Potential Outcomes Framework

From WFM Labs

The Potential Outcomes Framework (also called the Neyman–Rubin causal model) is one of the two dominant languages for causal inference, alongside the structural-diagram approach. It defines a causal effect as the comparison between the outcome a unit would have under treatment and the outcome the same unit would have without it. For workforce management, the framework is the rigorous foundation under every claim that an intervention "caused" a result — a coaching program, a schedule change, an automation rollout — and it makes precise exactly what cannot be observed and must instead be estimated.[1]

Potential outcomes and the fundamental problem

For each unit i and a binary treatment, there are two potential outcomes: Yi(1), the outcome if treated, and Yi(0), the outcome if not. The individual causal effect is their difference, Yi(1) − Yi(0). The difficulty — the fundamental problem of causal inference — is that only one of the two is ever observed for any unit: an agent either received the coaching or did not, so the other outcome is missing and counterfactual.[2] Causal inference is therefore, formally, a missing-data problem.

Agent Y(1) coached Y(0) not coached Effect
A 88 ? ?
B ? 71 ?
C 90 ? ?

The "?" cells are the counterfactuals. Because they cannot be filled in for any individual, causal questions are answered at the level of averages across groups, where the missing cells can be estimated.[3]

Estimands: ATE and ATT

Since individual effects are unobservable, the framework targets average effects.
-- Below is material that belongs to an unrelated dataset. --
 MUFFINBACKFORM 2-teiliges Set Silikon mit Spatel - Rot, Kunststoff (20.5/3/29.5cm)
The Average Treatment Effect (ATE) is the mean of Y(1) − Y(0) across the whole population. The Average Treatment Effect on the Treated (ATT) is that mean restricted to the units that actually received the treatment — often the more relevant quantity in WFM, where the question is "did the program help the agents it was applied to?" rather than "would it help everyone?" Distinguishing the estimand matters because a method can identify one and not the other.

Identifying assumptions

Estimating these averages from data requires assumptions that make the treated and untreated groups comparable:

  • Ignorability (unconfoundedness). Given the measured covariates, treatment assignment is independent of the potential outcomes — there is no unmeasured confounding. Randomization guarantees this by design; observational WFM data does not, which is the entire reason for quasi-experimental methods.
  • Overlap (positivity). Every type of unit has some chance of being in either group, so comparable cases exist on both sides.
  • SUTVA (Stable Unit Treatment Value Assumption) — two conditions: one unit's treatment does not affect another's outcome (no interference), and there is a single, consistent version of the treatment. SUTVA is routinely strained in contact centers: coaching one agent can spill over to teammates, and a pooled queue links agents' outcomes, both forms of interference.
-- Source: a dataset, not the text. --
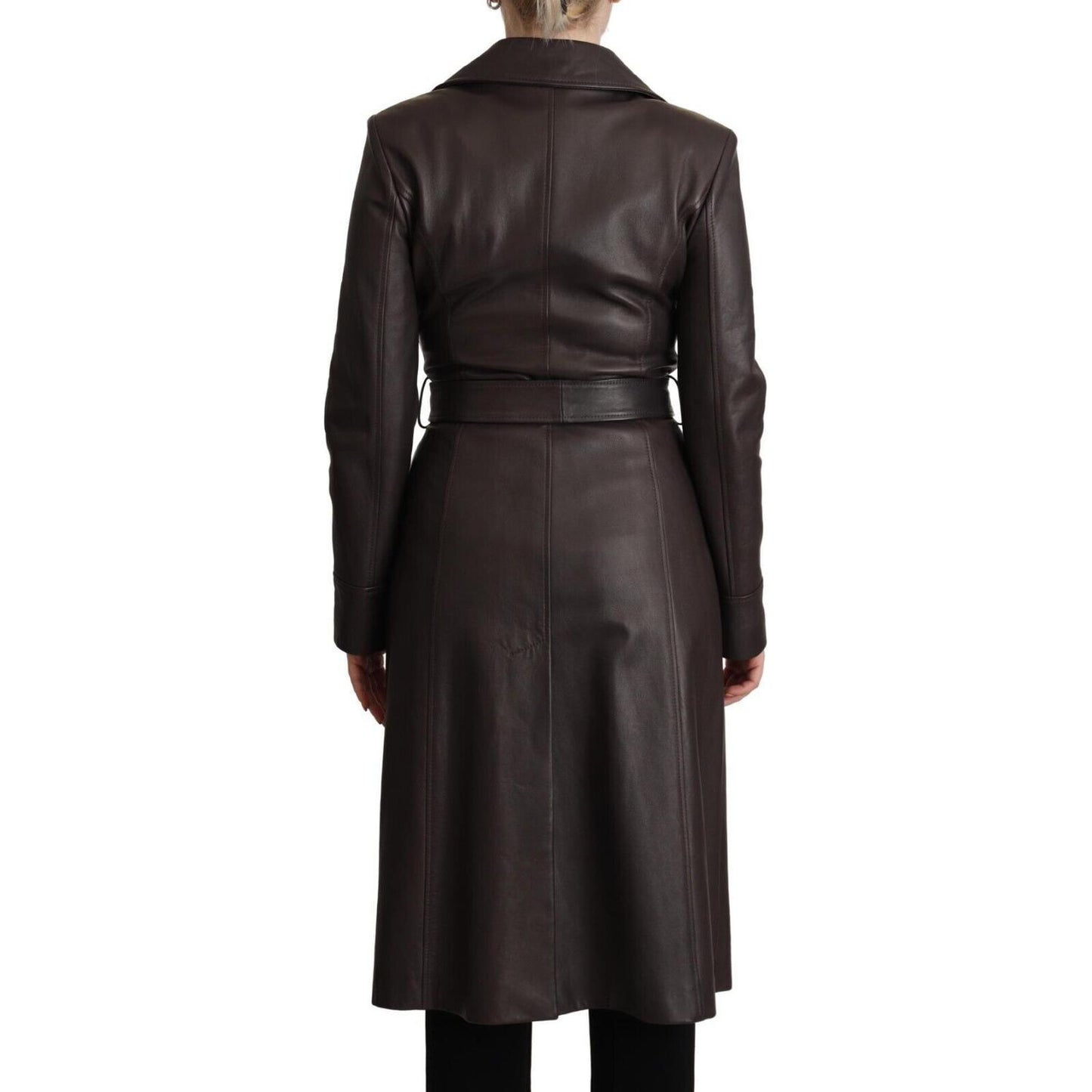 Dolce & Gabbana Elegant Double-Breasted Lambskin Leather Coat Dolce & Gabbana Dark Slate Gray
Relationship to the other tools

The potential-outcomes and structural-diagram frameworks are complementary, not competing: a DAG encodes the assumptions, and the potential-outcomes notation defines the quantity being estimated. The ignorability assumption corresponds to the diagram's backdoor criterion being satisfied by the measured covariates, and the individual effect Y(1) − Y(0) is exactly the counterfactual contrast. The estimation methods built on this framework — difference-in-differences, instrumental variables, regression discontinuity, and propensity-score matching — are all strategies for filling in the missing potential outcomes credibly.

Maturity Model Position

In the WFM Labs Maturity Model™, thinking in potential outcomes is the foundation of disciplined program evaluation.
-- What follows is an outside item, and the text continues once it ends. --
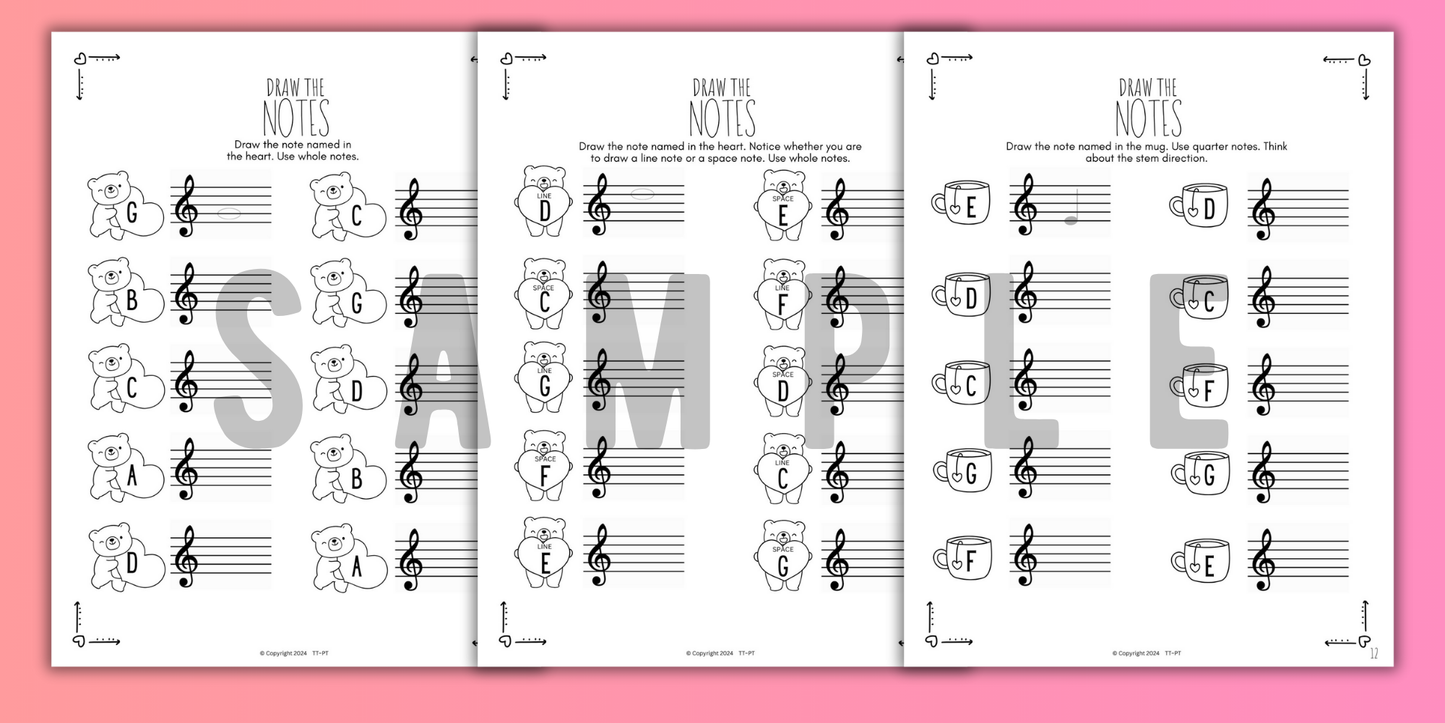 Valentine's Day NOTE NAMING Music Worksheets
  • Level 1–2 (Emerging / Foundational) — "effect" means a raw before-and-after or treated-vs-untreated difference, with no attention to comparability or the missing counterfactual.
  • Level 3 (Progressive) — evaluations name the estimand (ATE vs ATT), check overlap, and reason about confounding and SUTVA before claiming an effect.
  • Level 4–5 (Advanced / Pioneering) — potential-outcomes estimands are standard in how interventions are designed and measured, and the assumptions are stated and stress-tested rather than assumed.

See also

References

  1. Rubin, D. B. (1974). "Estimating Causal Effects of Treatments in Randomized and Nonrandomized Studies". Journal of Educational Psychology, 66(5), 688–701. doi:10.1037/h0037350.
  2. Holland, P. W. (1986). "Statistics and Causal Inference". Journal of the American Statistical Association, 81(396), 945–960.
  3. Imbens, G. W., & Rubin, D. B. (2015). Causal Inference for Statistics, Social, and Biomedical Sciences: An Introduction. Cambridge University Press. ISBN 978-0-521-88588-1.